Although the connection between underfunding of Alabama's public schools and segregation in its universities is far from intuitive, plaintiffs constructed an elaborate “chain of causation” said to link the two. According to plaintiffs, Alabama's property tax limitations result in underfunded public schools. This, in turn, results in the diversion of state funds intended for higher education to lower education. This diversion of state funds to K-12 education, results in Alabama's inability to adequately fund its system of higher education. This, in turn, results in higher tuition at Alabama's colleges and universities. At the same time, plaintiffs contend, there is less state money for college scholarships. All of this impacts negatively and disproportionately on Alabama's black students, plaintiffs assert, because most cannot attend college without financial assistance.
Plaintiffs argue, therefore, that their new claim against Alabama's property tax policies is properly brought in this lawsuit because those policies produce a “continuing segregative effect” on its colleges and universities, as proscribed by Fordice. We disagree.
1. Alabama's Tax Policies Are Not Policies “Governing Higher Education”
Plaintiffs allege that Alabama's tax policies seriously limit the ability of both the State and its counties to raise revenue from property taxes and, therefore, fund its K-12 schools. No one disputes that this is so. Plaintiffs also allege that these constitutionally enshrined tax policies were adopted for segregative purposes and with discriminatory intent. The district court has so held. The trouble is that neither of these contentions advance the plaintiffs' claim-asserted in its motion for additional relief-that these tax policies may be challenged under Fordice as policies that perpetuate segregation in Alabama's system of higher education. They may not.
Under Fordice, “policies now governing the State's university system” may violate the Fourteenth Amendment if they are “traceable to its prior de jure dual system” and “continue to have segregative effects.” 505 U.S. at 733, 112 S.Ct. 2727 (emphasis added). The segregative policies proscribed by Fordice govern higher education, not revenue raising. The property tax policies plaintiffs now challenge, however, are revenue policies; they are not policies that “govern higher education” as contemplated by Fordice. The challenged tax policies have nothing to do with admissions, faculty and administration, availability of degree programs, student recruitment, education facilities or any other aspects of higher education that Fordice recognized may discourage black students from attending historically white institutions and white students from attending historically black institutions. They are not, therefore, the sort of education policies that Fordice recognized could perpetuate racial identifiability in higher education. We conclude, therefore, that plaintiffs' present claim is not properly brought under Fordice. The district court knew that there was something wrong with this approach, but employed it anyway. See 458 F.Supp.2d at 1313 n. 9 (“The Court expresses doubt that the matter before the Court even triggers Fordice”). We decline to do so.

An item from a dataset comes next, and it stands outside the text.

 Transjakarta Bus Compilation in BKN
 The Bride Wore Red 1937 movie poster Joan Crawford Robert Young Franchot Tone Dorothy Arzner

Furthermore, even if Alabama's property tax policies were properly attacked under Fordice, we would agree with the district court that any segregative effect they may have on its system of higher education is far too attenuated to entitle plaintiffs to the relief they request. Plaintiffs' chain of causation contains the following links: constitutional limits on property taxation result in underfunded K-12 schools, which causes the State to divert state funds intended for higher education to lower education, which results in higher tuition at Alabama's colleges and universities as well as fewer funds for student aid and, therefore, lower black attendance. The district court concluded that there are simply far too many links in this chain to permit us to infer that Alabama's method of funding its K-12 education causes, in any meaningful way, the continuing segregation of its colleges and universities. We agree.
Additionally, we note that plaintiffs' chain of causation silently incorporates too many unsupported assumptions. First, plaintiffs assume that the abolition of Alabama's constitutional limitations on property taxation will result in increased tax revenues. Second, plaintiffs assume that legislative decisions regarding the allocation of these putative increased revenues will result in increased funding of higher education. Even a cursory examination reveals that neither of these assumptions is unproblematic.
It is not at all clear that the removal of Alabama's constitutional restrictions on property tax rates will necessarily result in either increased tax rates or increased tax revenues. In 2003, for example, proposed changes in Alabama's tax structure, including state and local property taxes, were overwhelmingly rejected by Alabama voters. Even in the absence of constitutional limitations, there is nothing in plaintiffs' request for relief that would inhibit the ability of the people of Alabama to refuse to raise property tax rates.
Similarly, there is no way to know how the elimination of constitutional limitations on property taxes will affect the willingness of industrial or other commercial activity to locate or remain in the state. The possibility of business flight, thereby decreasing tax revenues of all kinds, is not addressed by plaintiffs' chain of causation.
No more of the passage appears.